** Aim of the task **
Restate each of the lines below word for word and drop every picture.

** Exercise data **
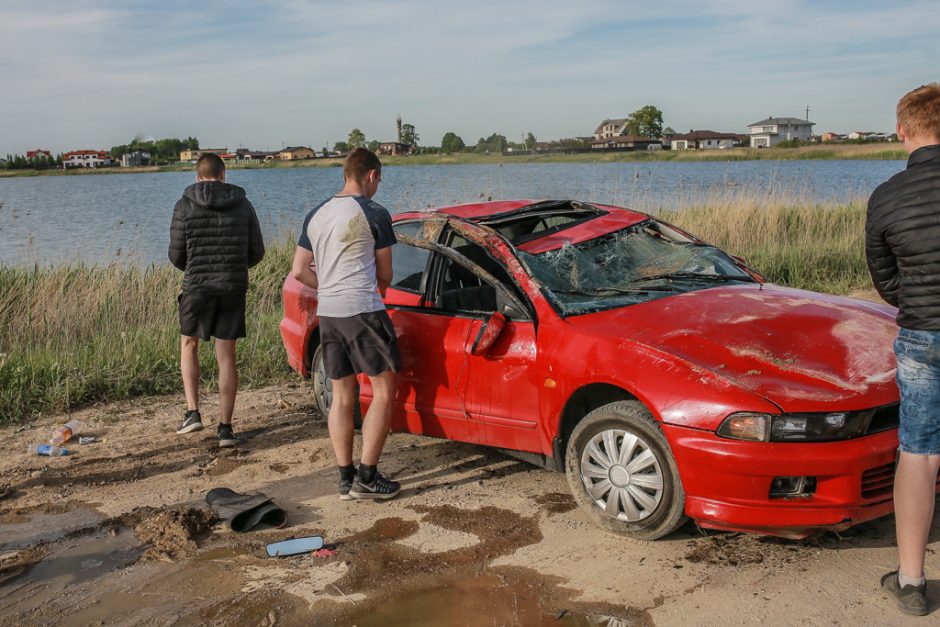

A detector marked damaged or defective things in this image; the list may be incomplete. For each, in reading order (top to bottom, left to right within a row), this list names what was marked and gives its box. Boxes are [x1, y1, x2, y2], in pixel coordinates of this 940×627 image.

broken window glass [516, 222, 752, 316]
shattered windshield [516, 222, 752, 318]
crashed red car [280, 200, 916, 540]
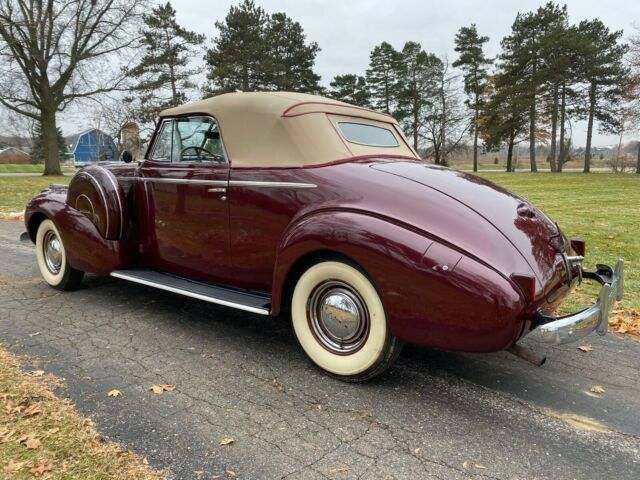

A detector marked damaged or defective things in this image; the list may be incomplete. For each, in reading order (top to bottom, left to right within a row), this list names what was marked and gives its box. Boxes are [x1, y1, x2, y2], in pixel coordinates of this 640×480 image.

** Output below **
A detector marked damaged or defective things in this image; the list may be incomplete. For each, in reading order (top to bottom, left to right within a row), this list names what was marked and gives its box. Boxes are [x1, y1, x2, y2], in pixel coordinates of this 940×627 image.

broken window glass [516, 222, 752, 316]
shattered windshield [516, 222, 752, 318]
crashed red car [280, 200, 916, 540]

A detector marked damaged or defective things in this image; the list may be incomplete. For each, in reading order (top to bottom, left to right within a row), this list names what was marked and gives its box. Boxes are [x1, y1, x2, y2], in pixel coordinates of this 640×480 image.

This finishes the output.